__Exercise brief__:
Pictures in the data should be dropped; transcribe exactly the lines from the one that has "Libros: El flautista de Hamelin - Foto 1" through the one that has "El jefe de la".

__Excerpted records__:

= = = =

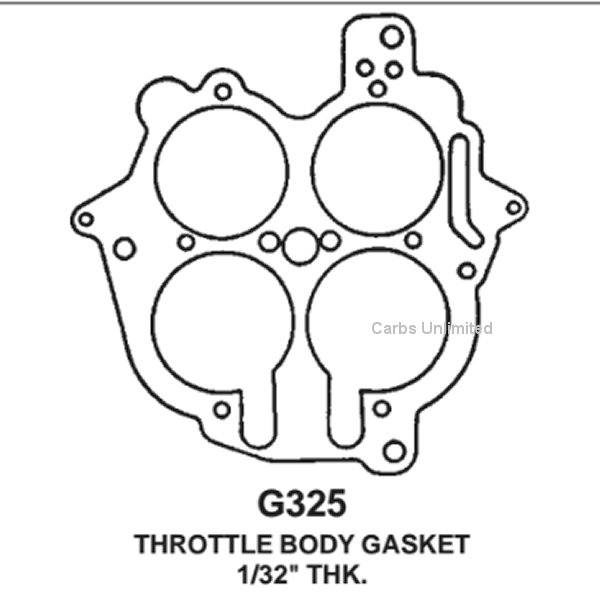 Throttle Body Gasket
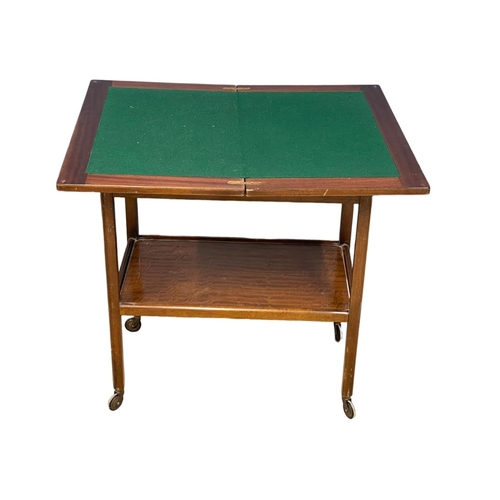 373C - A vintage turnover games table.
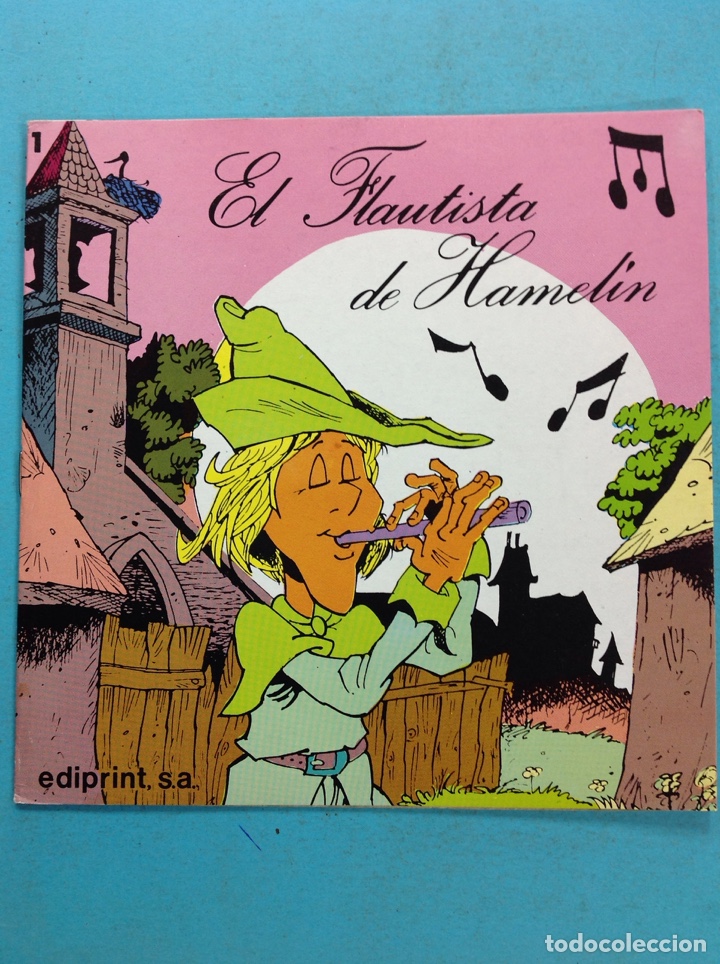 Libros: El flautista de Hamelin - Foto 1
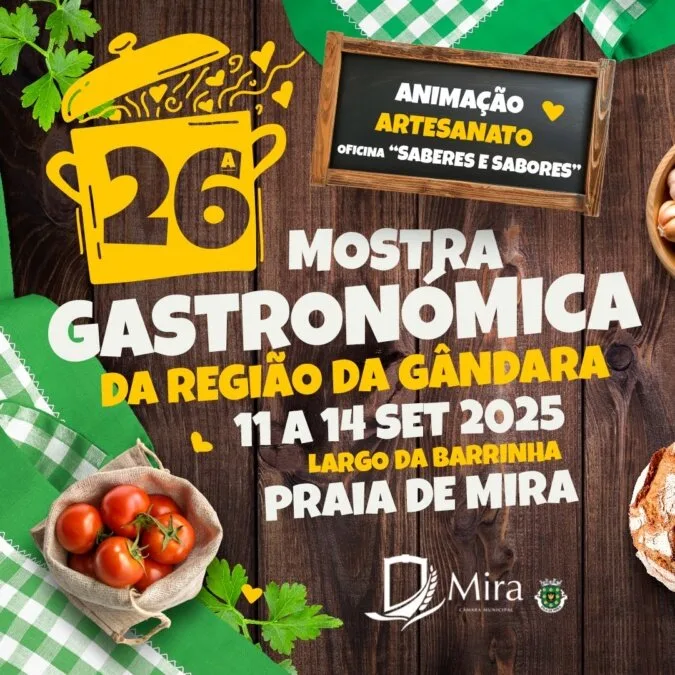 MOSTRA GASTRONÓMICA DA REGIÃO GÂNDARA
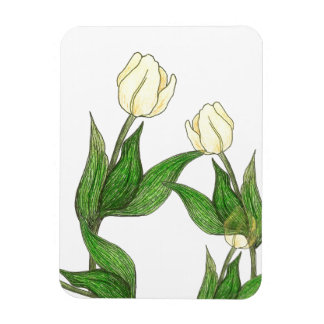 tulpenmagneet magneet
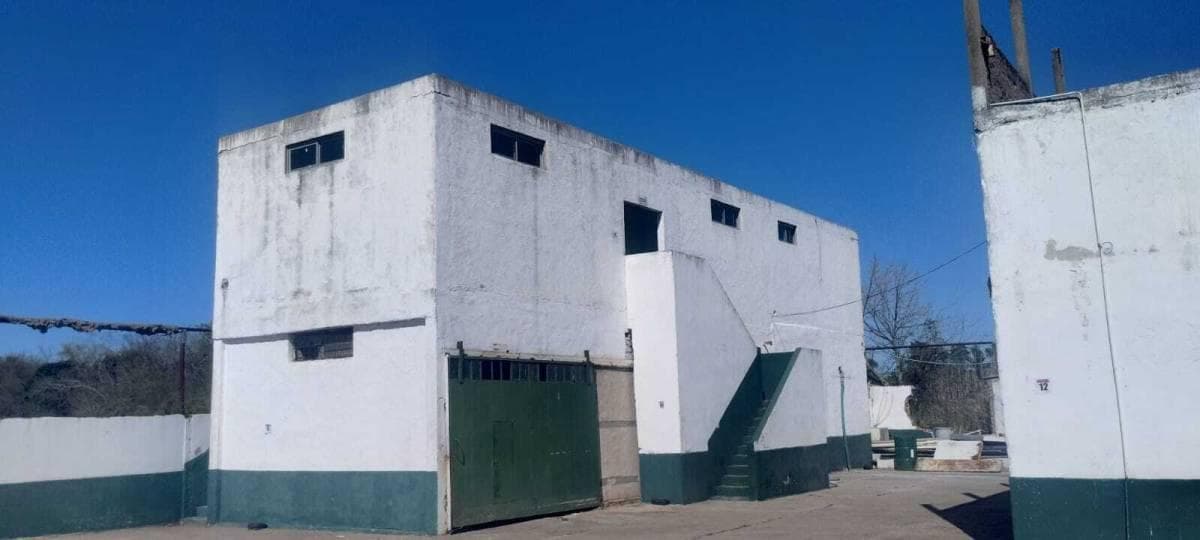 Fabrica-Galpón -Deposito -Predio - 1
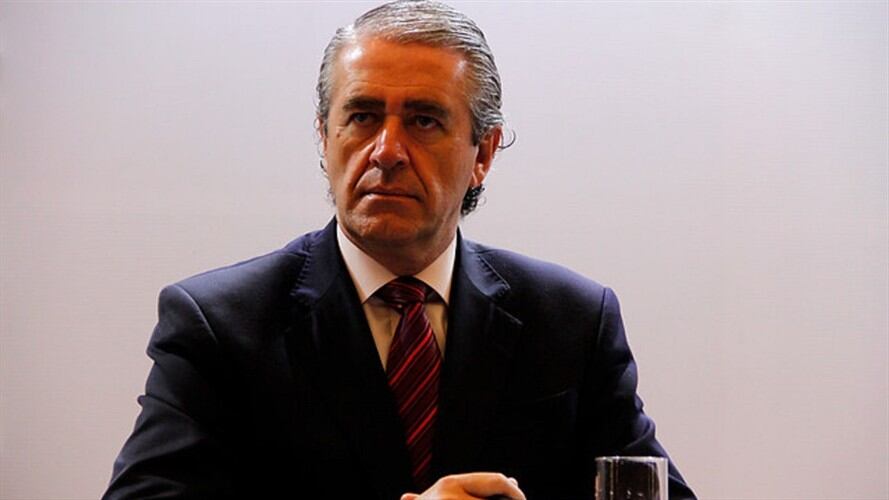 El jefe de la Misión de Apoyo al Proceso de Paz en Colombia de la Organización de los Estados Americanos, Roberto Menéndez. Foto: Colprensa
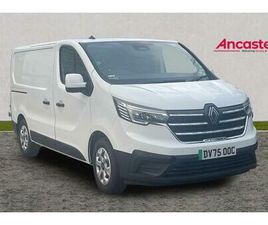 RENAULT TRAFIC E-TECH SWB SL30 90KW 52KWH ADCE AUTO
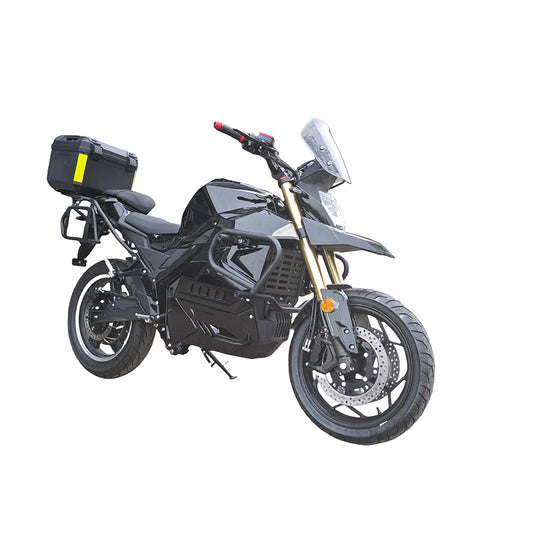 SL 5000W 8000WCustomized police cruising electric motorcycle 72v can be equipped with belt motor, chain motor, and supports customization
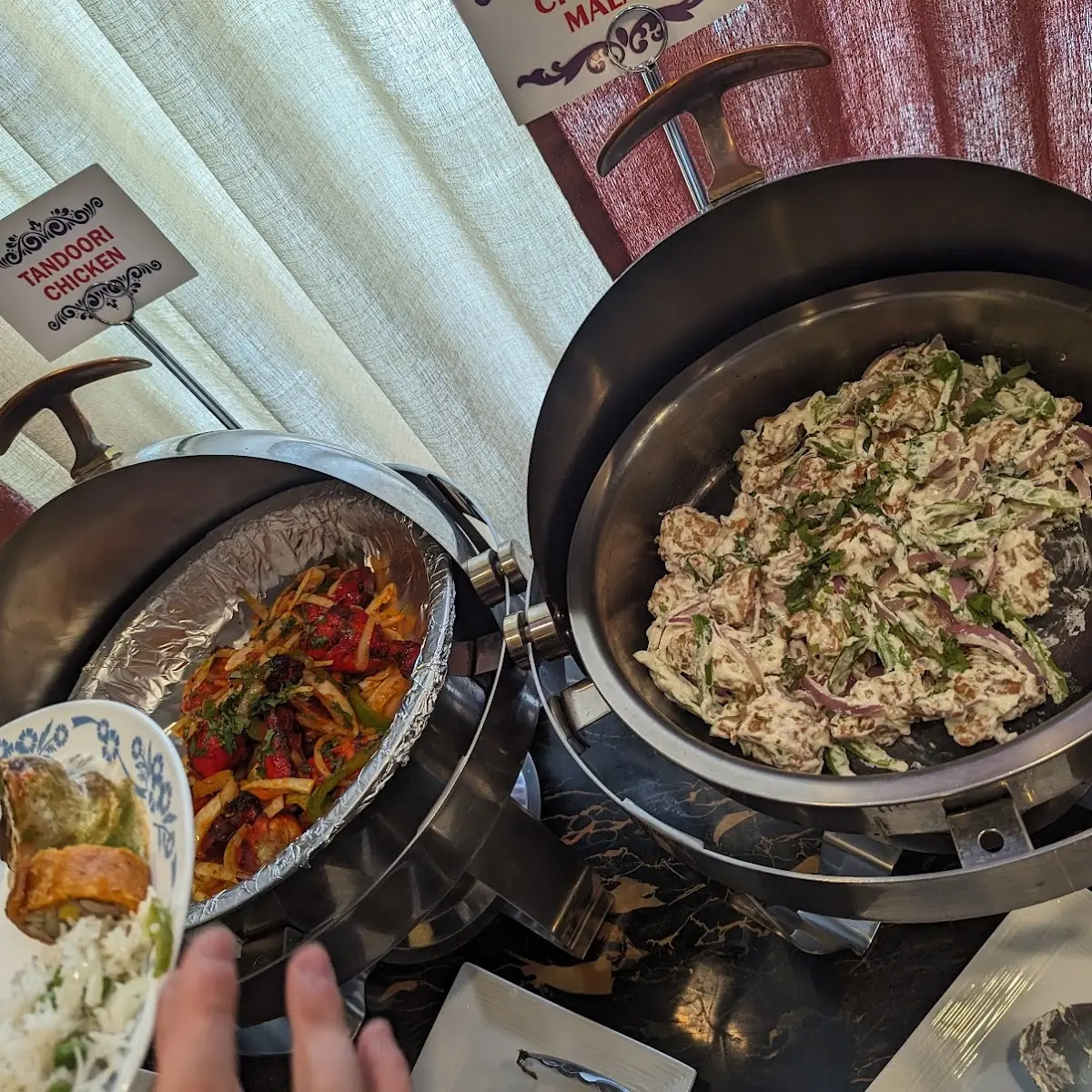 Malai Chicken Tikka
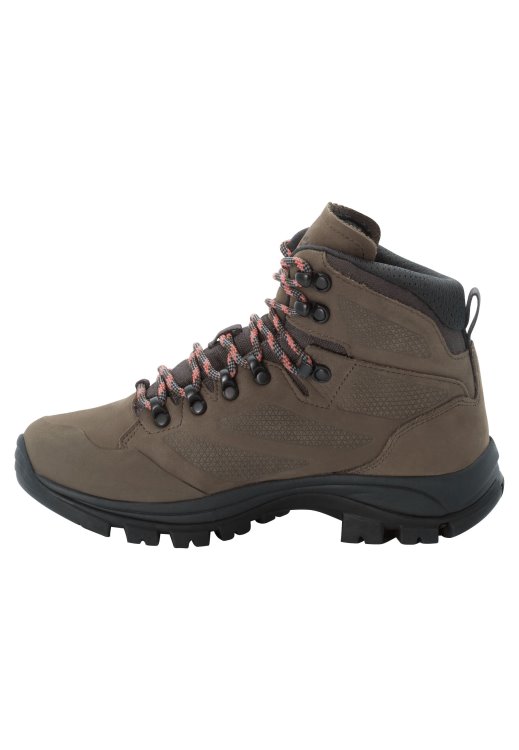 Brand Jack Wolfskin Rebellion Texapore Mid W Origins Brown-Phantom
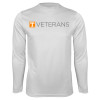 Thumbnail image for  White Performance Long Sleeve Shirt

= = = =

__Written answer__:
 Libros: El flautista de Hamelin - Foto 1
 MOSTRA GASTRONÓMICA DA REGIÃO GÂNDARA
 tulpenmagneet magneet
 Fabrica-Galpón -Deposito -Predio - 1
 El jefe de la Misión de Apoyo al Proceso de Paz en Colombia de la Organización de los Estados Americanos, Roberto Menéndez. Foto: Colprensa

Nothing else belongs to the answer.